Everything you need to become a self-taught Machine Learning Engineer

Jason Benn
10 min readMar 13, 2020

--

In 2011, I graduated from UVA with a degree in Economics and joined a boutique consulting firm in Virginia.

None of that is related to what I do today.

Because today, I am a Machine Learning Engineer at a well-funded ML startup in Silicon Valley, living my dream. I work on the latest in AI research, implement AI papers, and explore new product ideas in my specialty fields of NLP and ML infrastructure.

The thing you do after graduation is not always your permanent path. I absolutely hated everything about consulting. I lasted about a year and a quarter, and then I decided to quit and have a mulligan on my whole life.

I made a pros and cons list of all the possible careers I could do instead. My favorite book was Cal Newport’s “So Good They Can’t Ignore You”, which persuaded me that my career North Star should just be to learn really useful skills. By that metric, programming was at the top of my list.

“My career North Star should just be to learn really useful skills. By that metric, programming was at the top of my list.”

As I saw it, the steps to get there were: buy a bunch of textbooks, move into my mom’s basement, read those books, and program until I got a job.

ML hack: first, become a programmer

Because I was starting from scratch, I decided to join a short programming school. I signed up for Dev Bootcamp, a 3-month program designed to help me get my first job.

Dev Bootcamp has since shut down, so my #1 recommendation now is Lambda School, which is a 9-month program where you learn how to code from teachers alongside other newbies. Lambda School’s business model is special: you don’t have to pay anything upfront, you pay a percentage of your income over your first two years as a programmer. In other words, Lambda School is incentivized to find you a great job after graduation, and a lot of great companies hire out of Lambda School.

You can go from a bank teller to a programmer in 9 months.

What’s a helpful career path? I think it’s important to know that there are a broad variety of jobs that use machine learning. It would be pretty hard to go straight into machine learning engineering without a background in Computer Science (CS). But it’s not as hard to go from non-CS into Data Science (and yes, Lambda School also has a Data Science program).

This article is about machine learning engineering (MLE), but remember that the foundation of any great programming career, including MLE, is computer science.
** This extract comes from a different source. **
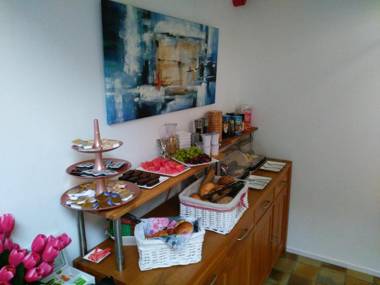 Hotel De Wilde Kriek - before De Karsteboom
The ML in MLE is only 10% of the job. Another 10% is data science. The last 80% is computer science.

After Dev Bootcamp, I learned computer science through Bradfield, a school where working programmers can take a series of one-month courses. You can take them part-time in addition to your day job. I did six between 2015–2017 and another one in 2019, and now they’re fully online. They’re intense — 10 hours of class and 10 hours of homework a week — but worth it.

If you want to do the same without paying for their classes, they make their curriculum free online at teachyourselfcs.com.

ML hack: create a group of ML enthusiasts

Three years into my programming career, and near the end of my CS curriculum, I started looking for my next big useful skill. I picked machine learning. First, I co-organized an ML book club with a coworker. We read An Introduction to Statistical Learning: with Applications in R (which is my second choice recommendation after this one).

I wanted a group to keep me accountable to skill building, so I launched my own Paper Club, an initiative where two friends and I went through all of fast.ai in six months. Fast.ai is an online course with two parts. Each is about 15 hours with 15 hours each in homework (so, 60 hours total). We met one night per week on Zoom or in a local park. After we finished fast.ai, we started reading research papers, and would go through each paper, page by page, and discuss blockers or challenges with the end of being able to understand any paper. It was tough — for the first few months, it took us 6 hours to read each paper (and each paper is only 10 pages long!). Paper Club lasted about two years and without that social accountability there’s no way I would have been able to keep studying for so long.

After one year of Paper Club, I decided it was time to quit my job again.

I spent two months on sabbatical, learning ML all day. I focused on diving deeper into the fundamentals and reimplementing neural nets from scratch.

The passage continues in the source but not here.